11    The Minister submits that the appellants were afforded sufficient opportunity to raise these additional grounds before the primary judge. The Minister notes that a period of about four years elapsed between the appellants application for judicial review and the hearing, in which time the appellants could have amended their application to provide further details and particularised grounds of review.

12    The Minister also submits that grounds 5 and 6 have no merit, referring to the fact that Mr Shubha could not produce test results in the two years leading up to the making of the visa application proving that he had sufficient competency in English. The Minister submits that there is no arguable error in the Tribunal not providing Mr Shubha additional time to meet the requirements as, in substance, that would have been futile. Moreover, the Minister submits, Mr Shubha was on notice of the English language requirement, which was the dispositive issues in the review, being the same issue as before the delegate: SZBEL v Minister for Immigration and Multicultural and Indigenous Affairs [2006] HCA 63; 228 CLR 152 at [35] (Gleeson CJ, Kirby, Hayne, Callinan and Heydon JJ). As such, Mr Shubha’s complaint that the Tribunal did not provide him an opportunity to give evidence in respect of its adverse findings cannot be sustained.
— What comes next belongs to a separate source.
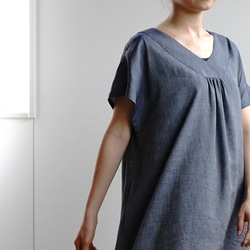 < wafu > 亞麻洋裝 短袖 #training/藍 a013n-ind1 第2張的照片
13    Mr Shubha was unable to counter the Minister’s submissions. The Minister is plainly correct. There is no proper basis to grant leave to rely upon grounds 5 and 6. Accordingly, leave is refused.

The remaining grounds of appeal

Ground 1

14    The first ground of appeal contends Mr Shubha was misled by his migration agent. Based on Mr Shubha’s evidence to the Tribunal this was a complaint that his migration agent misled him as to the English competency test requirements for his visa. The primary judge noted Mr Shubha did not assert fraud against his migration agent and, in any event, it was difficult to see how the agents conduct could ever arise to the level of being a fraud on the Tribunal, given that no agent acted for the appellants at any stage on the Tribunal review. Further, the primary judge recorded that the Tribunal had regard to his explanation 5.
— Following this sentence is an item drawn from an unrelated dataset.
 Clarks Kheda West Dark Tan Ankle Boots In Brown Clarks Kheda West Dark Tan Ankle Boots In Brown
15    It is well-established that allegations of fraud, including migration agent fraud, are serious allegations that must be distinctly pleaded and proved: SZFDE v Minister for Immigration and Citizenship [2007] HCA 35; 232 CLR 189 at [15]. Due to the seriousness of allegations of fraud, the Court must be satisfied that fraudulent conduct has been proved to the level of satisfaction required by Briginshaw v Briginshaw [1938] HCA 34; 60 CLR 336 at 363 and 368; see also Minister for Immigration and Citizenship v SZLIX [2008] FCAFC 17; 245 ALR 501 at [33] (Tamberlin, Finn and Dowsett JJ).

16    The Minister submits the primary judge was correct to hold that Mr Shubha did not clearly plead that his agent committed fraud and that, in any event, the conduct could not give rise to fraud on the Tribunal in circumstances where he did not have an agent at any stage on the Tribunal review for the reasons set out in the primary judgment at [24]–[25]. I agree with that submission. It follows that this ground of appeal must fail.

Grounds 2 and 3

17    The primary judge considered grounds two and three together: PJ at [26]–[27]. The primary judge found that the grounds do not allege error on the part of the Tribunal and, in the absence of particulars to make them meaningful, these grounds had to be dismissed: PJ at [27]. That is undoubtedly correct. It follows that both of these grounds of appeal must fail.

Conclusion

18    The appeal must be dismissed with costs.

I certify that the preceding eighteen (18) numbered paragraphs are a true copy of the Reasons for Judgment of the Honourable Justice Bromwich.